Function pointers can also be given as a parameter, for example with void exec (int (* op) (int)) {. A function can return a function (pointer), for example with int (* choose_op (int mod)) (int) {. The function “choose_op” expects 1 int parameter and returns a function pointer that refers to a function with 1 int parameter and return value int. To simplify that mess, typedef is usually used:

#include <stdio.h>

typedef int(*func_type)(int);

int increase(int nr) {
    return nr + 1;
}

int doublenr(int nr) {
    return nr * 2;
}

func_type choose_op(int mod) {
    return mod == 0 ? &increase : &doublenr;
}

void exec(int (*op)(int)) {
    printf("exec: %d\n", op(5));
}

int main() {
    exec(choose_op(0));       // print 6
    exec(choose_op(1));       // print 10
    return 0;
}

Now you understand how we used the ‘callback function’ is_old() in the Person struct in chapter 2.

Watch out for syntax!

Remember that symbols such as * en & have different meanings.

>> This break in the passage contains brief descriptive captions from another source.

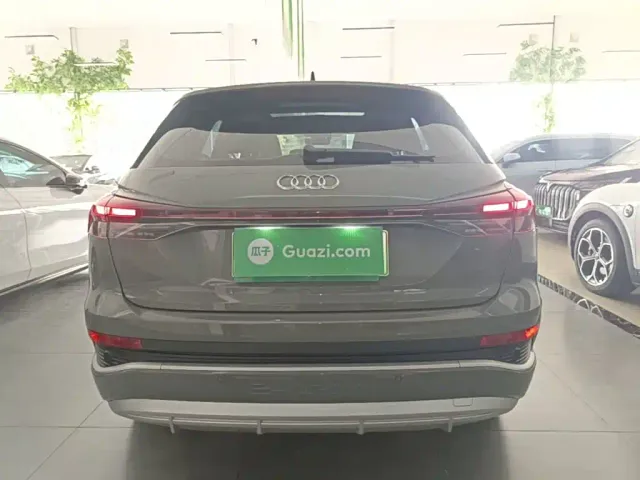 Audi Q4 e-tron — Фото автомобиля 5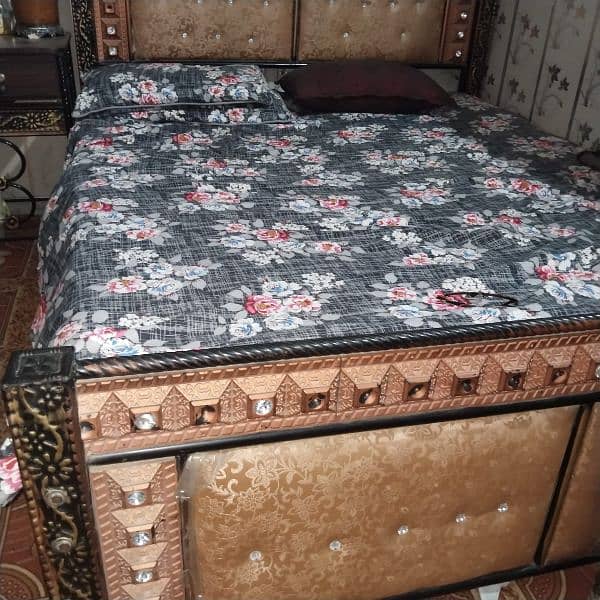 bed dressing and side table for sale 6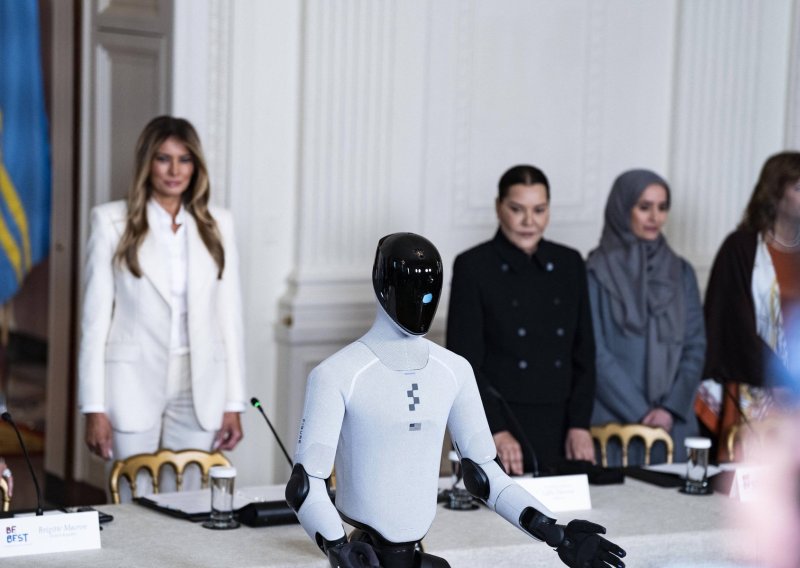 VIDEO Melania prošetala s humanoidnim robotom: Evo što znamo o ovom modelu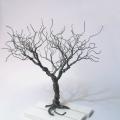 Jak vyrobit umělý strom vlastníma rukama: nejlepší nápady pro zdobení místnosti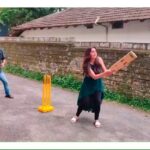 Nikki Galrani Instagram - Some #GullyCricket #Dhamaka on the sets of #Dhamaka 💥 #BTS #🎬#Mollywood Thrissur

  • int *p; - * after a type: it’s a pointer.
  • p = &i - & used in an expression: address-of operation
  • *p = i - * used in an expression: dereference operation

Ponder on this

  1. What is the difference between char msg[] = "heykes" and char *msg = "heykes"? Clarify your answer with a drawing.
  2. Wat is the difference between int a[10][20] and int *b[10]? Can you also say something about memory usage?
  3. In which case would you definitely use pointers in C, and in which case would you not? Explain your choice.
  4. What happens when I get the address of a stack variable, like &x in section ‘changing values around’, but the stack got cleared because the method call was finished?